Mam nadzieję, że szybko pogrzebie chorą u zarania amnestię maturalną – to przecież jeden z najbardziej antywychowawczych pomysłów! Minister Legutko już na szczęście zapowiada zwrócenie uwagi na sprawę wychowania. Trzeba przerwać sytuację, gdy w szkole można pozostawać łobuzem właściwie bez żadnych konsekwencji.

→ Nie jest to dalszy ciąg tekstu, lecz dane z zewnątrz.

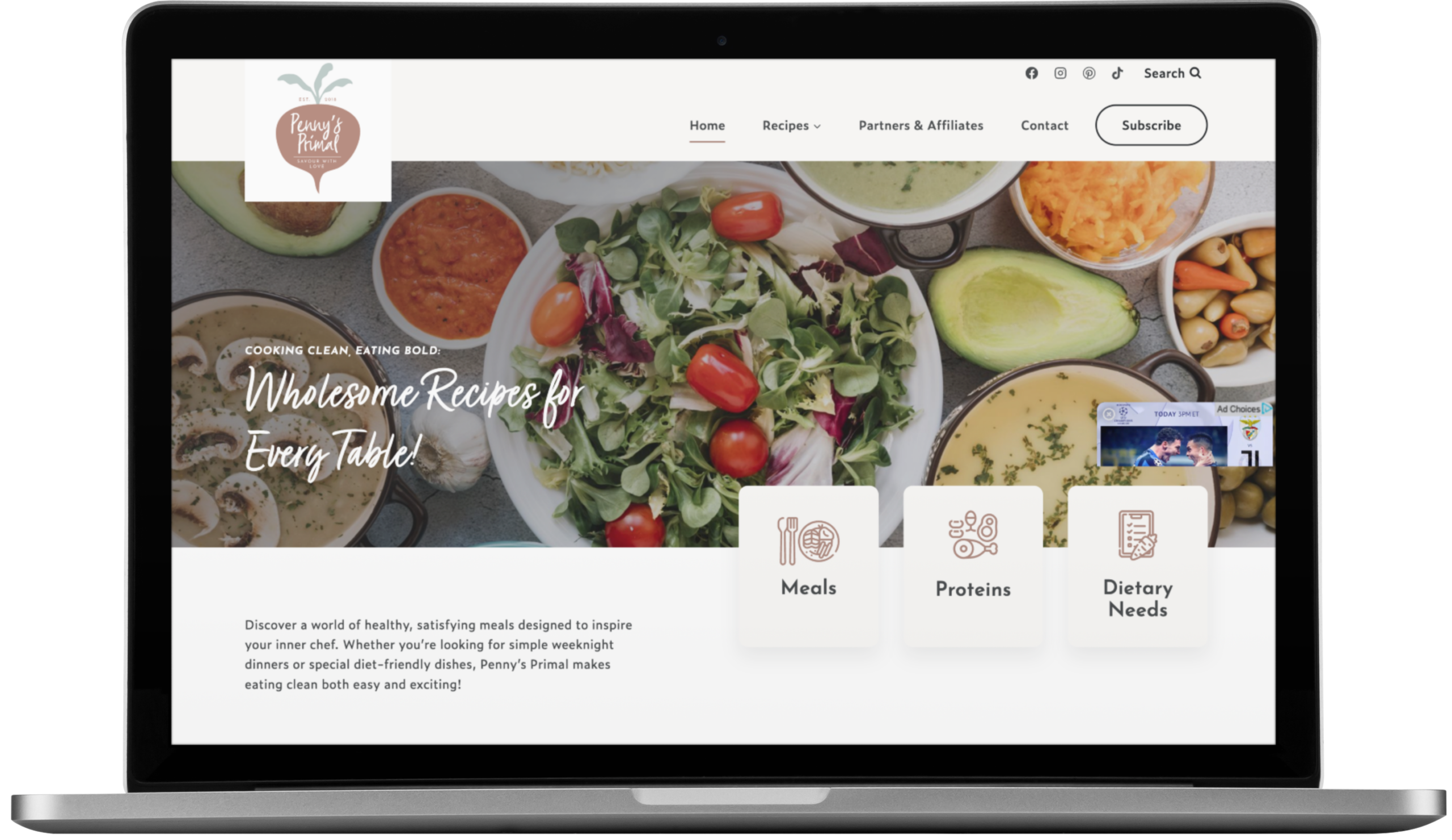 A laptop displays a food blog homepage with a salad and bowls of ingredients. The website design highlights the Pennys Primal branding, showcasing sections for recipes, meals, proteins, and dietary needs.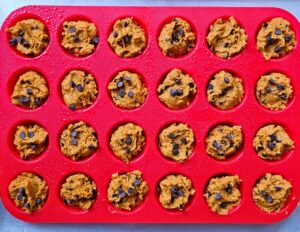 Protein pumpkin muffin batter spooned into the muffin pan before baking.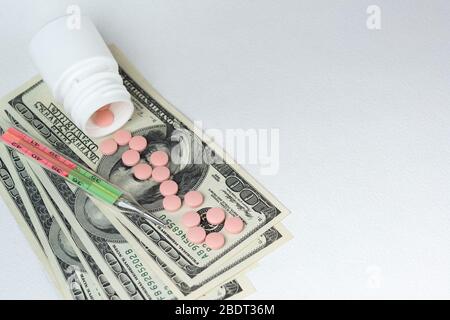 Tabletten sind in US-Dollar, ein medizinisches Thermometer verstreut. Verluste durch Behandlung und Quarantäne der COVID-19-Coronavirus-Pandemie. Kopierbereich Stockfoto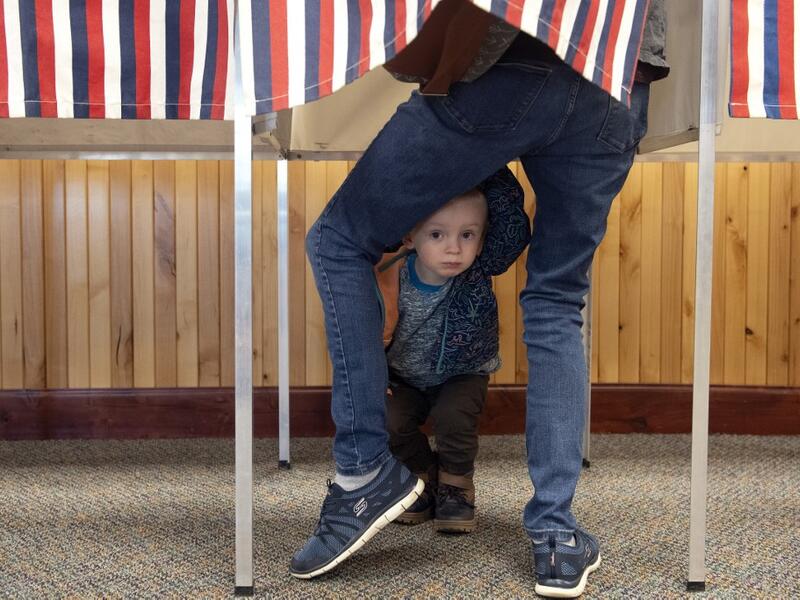 Two-year-old Noah Davenport of Granby, Colorado, waits for his mother to cast her ballot at the Granby Town Hall on November 3, 2020. Americans were voting on Tuesday under the shadow of a surging coronavirus pandemic to decide whether to reelect Republican Donald Trump, one of the most polarizing presidents in US history, or send Democrat Joe Biden to the White House. Jason Connolly / AFP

Nie będą mieli łatwo jego przeciwnicy. Do ataku już przystąpiła Barbara Środa w „Gazecie Wyborczej” wytykając mu, że lubi Polskę, „partię PiS”, prawicę, Platona, Pana Boga oraz porządek społeczny. Co za rekomendacja! Ta znana feminazistka – cóż za trafne określenie! – nie może przeżyć, że nowy minister nie za bardzo lubi „…tolerancji, […] sadyzmu erotycznego, małych dziewczynek w obcisłych rajtuzach z lycry, kanibalizmu, pornografii…” (cytat za artykułem z 16 sierpnia!).
Profesor Legutko będzie znacznie poważniejszym i trudniejszym przeciwnikiem dla lewicy niż Roman Giertych. Ten ostatni miał skłonność do sztubackich wyskoków i był łatwym celem dla lewackich ataków – warto przypomnieć masowe młodzieżowe pikiety i protesty po objęciu przez niego resortu. Profesor Legutko narzuca przeciwnikom wysoki poziom debaty. Nie będzie miejsca na głupawe slogany i pokrzykiwania, bo tego języka Legutko słusznie nie uznaje i nie będzie się nim przejmował.
Dzięki temu być może opinia publiczna łatwiej zrozumie sens konserwatywnych postulatów. Z taką nadzieją przyjmuję wejście Ryszarda Legutki do ministerstwa edukacji.
Wielka szkoda jedynie – i tu swe pretensje kieruję do premiera Kaczyńskiego – że tak późno wpadł na pomysł tej niezwykłej i cennej nominacji. Walka o polską szkołę z ministrem Legutką od początku rządu PiS byłaby ciekawsza i bardziej owocna.